**Work required:** Would you print the lines below exactly, beginning at the line that has "a traditional rustic" and stopping after the line that has "Gymnastics. Full-length portrait"? Only those lines, and no pictures.

**Data provided:**
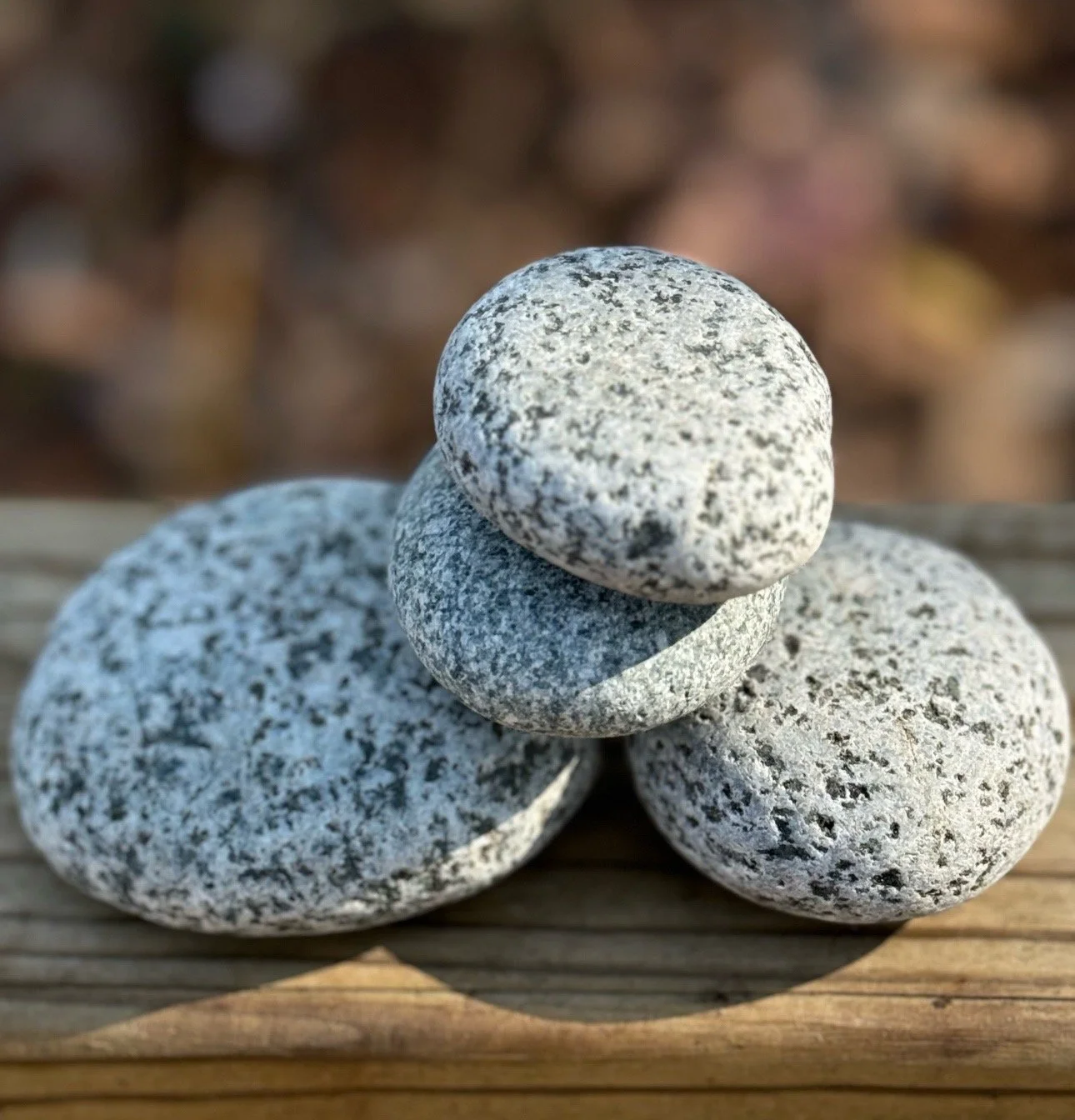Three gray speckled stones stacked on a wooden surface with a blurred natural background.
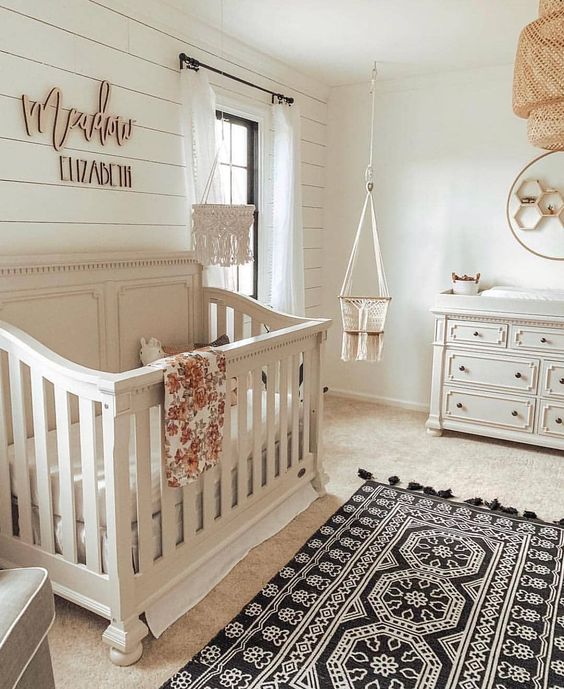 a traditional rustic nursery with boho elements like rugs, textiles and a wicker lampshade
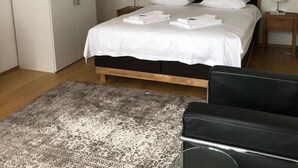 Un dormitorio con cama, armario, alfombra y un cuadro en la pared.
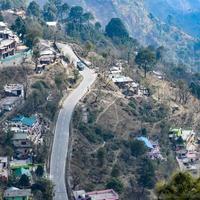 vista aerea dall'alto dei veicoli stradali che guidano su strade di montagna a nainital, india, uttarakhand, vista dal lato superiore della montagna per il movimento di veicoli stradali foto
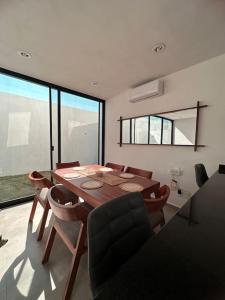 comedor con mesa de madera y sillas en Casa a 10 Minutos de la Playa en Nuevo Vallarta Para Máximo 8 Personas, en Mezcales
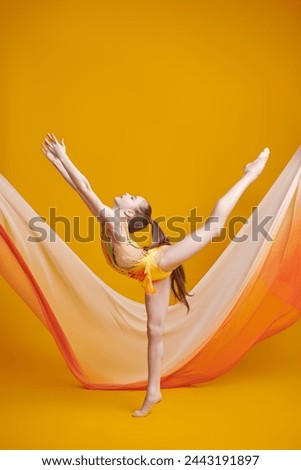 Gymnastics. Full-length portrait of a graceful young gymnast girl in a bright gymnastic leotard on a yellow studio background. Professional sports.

...

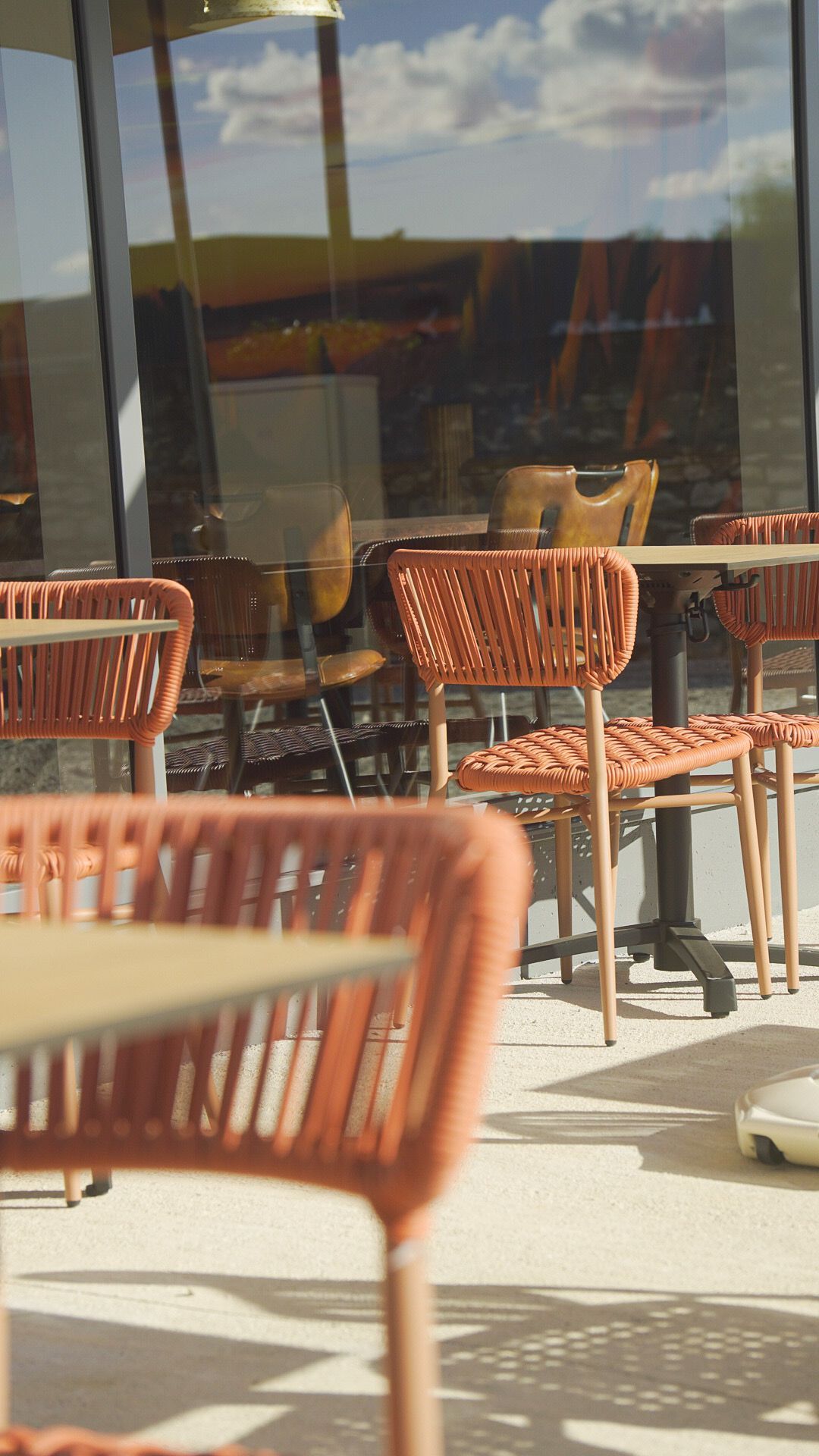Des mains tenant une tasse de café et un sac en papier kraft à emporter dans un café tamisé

**Reply to the exercise:**
 a traditional rustic nursery with boho elements like rugs, textiles and a wicker lampshade
 Un dormitorio con cama, armario, alfombra y un cuadro en la pared.
 vista aerea dall'alto dei veicoli stradali che guidano su strade di montagna a nainital, india, uttarakhand, vista dal lato superiore della montagna per il movimento di veicoli stradali foto
 comedor con mesa de madera y sillas en Casa a 10 Minutos de la Playa en Nuevo Vallarta Para Máximo 8 Personas, en Mezcales
 Gymnastics. Full-length portrait of a graceful young gymnast girl in a bright gymnastic leotard on a yellow studio background. Professional sports.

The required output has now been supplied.